What is required: Copy exactly the lines of the data below that run from the line holding "Поворотный комплект карбюратора" through the line holding "Saint-Joseph Le Paradis", both ends included.

Data items:
---

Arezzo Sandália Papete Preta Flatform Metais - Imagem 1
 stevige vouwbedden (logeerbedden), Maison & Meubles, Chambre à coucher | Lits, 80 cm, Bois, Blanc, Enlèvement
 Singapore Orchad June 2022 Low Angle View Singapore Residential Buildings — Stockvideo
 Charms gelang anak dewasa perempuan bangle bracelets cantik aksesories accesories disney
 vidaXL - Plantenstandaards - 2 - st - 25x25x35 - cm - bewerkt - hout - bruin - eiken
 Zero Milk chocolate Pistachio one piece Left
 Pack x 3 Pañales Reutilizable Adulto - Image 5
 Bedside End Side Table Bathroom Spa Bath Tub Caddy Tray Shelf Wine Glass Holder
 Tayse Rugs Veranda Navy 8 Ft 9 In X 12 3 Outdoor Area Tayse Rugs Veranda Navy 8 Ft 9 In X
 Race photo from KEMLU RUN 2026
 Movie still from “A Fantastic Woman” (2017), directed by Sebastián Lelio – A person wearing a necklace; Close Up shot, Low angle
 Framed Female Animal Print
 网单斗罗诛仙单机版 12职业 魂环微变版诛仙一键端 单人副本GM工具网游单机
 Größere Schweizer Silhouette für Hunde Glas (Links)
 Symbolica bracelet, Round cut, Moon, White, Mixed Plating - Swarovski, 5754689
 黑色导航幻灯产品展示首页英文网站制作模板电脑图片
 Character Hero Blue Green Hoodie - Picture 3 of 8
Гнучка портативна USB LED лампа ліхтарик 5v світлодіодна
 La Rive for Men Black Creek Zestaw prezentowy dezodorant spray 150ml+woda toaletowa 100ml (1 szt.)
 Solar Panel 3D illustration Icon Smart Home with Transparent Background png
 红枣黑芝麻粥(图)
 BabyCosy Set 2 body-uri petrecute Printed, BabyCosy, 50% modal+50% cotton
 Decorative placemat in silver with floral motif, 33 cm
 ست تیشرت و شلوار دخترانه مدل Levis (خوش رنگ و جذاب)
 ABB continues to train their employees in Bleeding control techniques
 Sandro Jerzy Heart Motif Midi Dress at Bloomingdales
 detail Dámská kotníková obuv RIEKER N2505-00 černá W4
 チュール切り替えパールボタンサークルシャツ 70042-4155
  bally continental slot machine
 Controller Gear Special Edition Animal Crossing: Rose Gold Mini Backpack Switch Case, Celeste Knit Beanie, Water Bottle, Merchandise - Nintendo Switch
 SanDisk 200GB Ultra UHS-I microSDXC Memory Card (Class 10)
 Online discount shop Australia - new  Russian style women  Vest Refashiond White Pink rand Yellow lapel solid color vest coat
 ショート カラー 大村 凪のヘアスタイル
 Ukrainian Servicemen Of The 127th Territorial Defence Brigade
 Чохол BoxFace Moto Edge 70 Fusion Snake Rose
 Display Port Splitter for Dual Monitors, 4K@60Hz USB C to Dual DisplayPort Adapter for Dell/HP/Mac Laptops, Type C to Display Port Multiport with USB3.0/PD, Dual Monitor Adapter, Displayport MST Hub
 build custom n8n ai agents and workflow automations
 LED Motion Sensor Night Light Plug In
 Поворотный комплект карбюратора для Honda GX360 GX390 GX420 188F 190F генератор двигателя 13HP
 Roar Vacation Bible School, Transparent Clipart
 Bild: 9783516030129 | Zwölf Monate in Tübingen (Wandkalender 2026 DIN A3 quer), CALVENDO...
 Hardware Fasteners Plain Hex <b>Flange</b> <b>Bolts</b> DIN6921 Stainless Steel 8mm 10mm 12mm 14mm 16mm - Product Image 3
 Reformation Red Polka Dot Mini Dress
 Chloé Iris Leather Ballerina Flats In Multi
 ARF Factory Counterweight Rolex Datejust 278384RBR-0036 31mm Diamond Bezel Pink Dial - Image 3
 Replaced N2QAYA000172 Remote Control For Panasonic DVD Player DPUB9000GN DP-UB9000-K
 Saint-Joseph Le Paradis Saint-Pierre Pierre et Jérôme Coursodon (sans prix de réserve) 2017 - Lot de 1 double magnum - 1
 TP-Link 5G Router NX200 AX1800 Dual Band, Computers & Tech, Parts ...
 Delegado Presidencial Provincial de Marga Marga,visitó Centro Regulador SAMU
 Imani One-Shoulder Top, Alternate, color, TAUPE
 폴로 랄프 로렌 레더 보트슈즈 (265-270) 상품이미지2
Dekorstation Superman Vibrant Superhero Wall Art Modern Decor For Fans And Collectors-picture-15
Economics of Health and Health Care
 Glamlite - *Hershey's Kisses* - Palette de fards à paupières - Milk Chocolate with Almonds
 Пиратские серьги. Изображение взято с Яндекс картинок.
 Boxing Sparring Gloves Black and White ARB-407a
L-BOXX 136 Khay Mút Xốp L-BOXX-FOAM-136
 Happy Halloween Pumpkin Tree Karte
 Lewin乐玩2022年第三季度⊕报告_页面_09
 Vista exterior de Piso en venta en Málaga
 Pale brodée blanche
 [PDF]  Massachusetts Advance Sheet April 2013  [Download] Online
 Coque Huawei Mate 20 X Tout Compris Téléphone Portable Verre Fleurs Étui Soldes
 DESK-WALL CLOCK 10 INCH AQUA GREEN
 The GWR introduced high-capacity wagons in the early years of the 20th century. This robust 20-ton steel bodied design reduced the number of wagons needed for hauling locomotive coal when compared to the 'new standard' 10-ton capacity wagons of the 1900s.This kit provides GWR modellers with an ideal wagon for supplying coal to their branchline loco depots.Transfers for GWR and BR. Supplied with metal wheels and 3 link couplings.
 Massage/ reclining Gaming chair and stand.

---

Solution for this exercise:
 Поворотный комплект карбюратора для Honda GX360 GX390 GX420 188F 190F генератор двигателя 13HP
 Roar Vacation Bible School, Transparent Clipart
 Bild: 9783516030129 | Zwölf Monate in Tübingen (Wandkalender 2026 DIN A3 quer), CALVENDO...
 Hardware Fasteners Plain Hex <b>Flange</b> <b>Bolts</b> DIN6921 Stainless Steel 8mm 10mm 12mm 14mm 16mm - Product Image 3
 Reformation Red Polka Dot Mini Dress
 Chloé Iris Leather Ballerina Flats In Multi
 ARF Factory Counterweight Rolex Datejust 278384RBR-0036 31mm Diamond Bezel Pink Dial - Image 3
 Replaced N2QAYA000172 Remote Control For Panasonic DVD Player DPUB9000GN DP-UB9000-K
 Saint-Joseph Le Paradis Saint-Pierre Pierre et Jérôme Coursodon (sans prix de réserve) 2017 - Lot de 1 double magnum - 1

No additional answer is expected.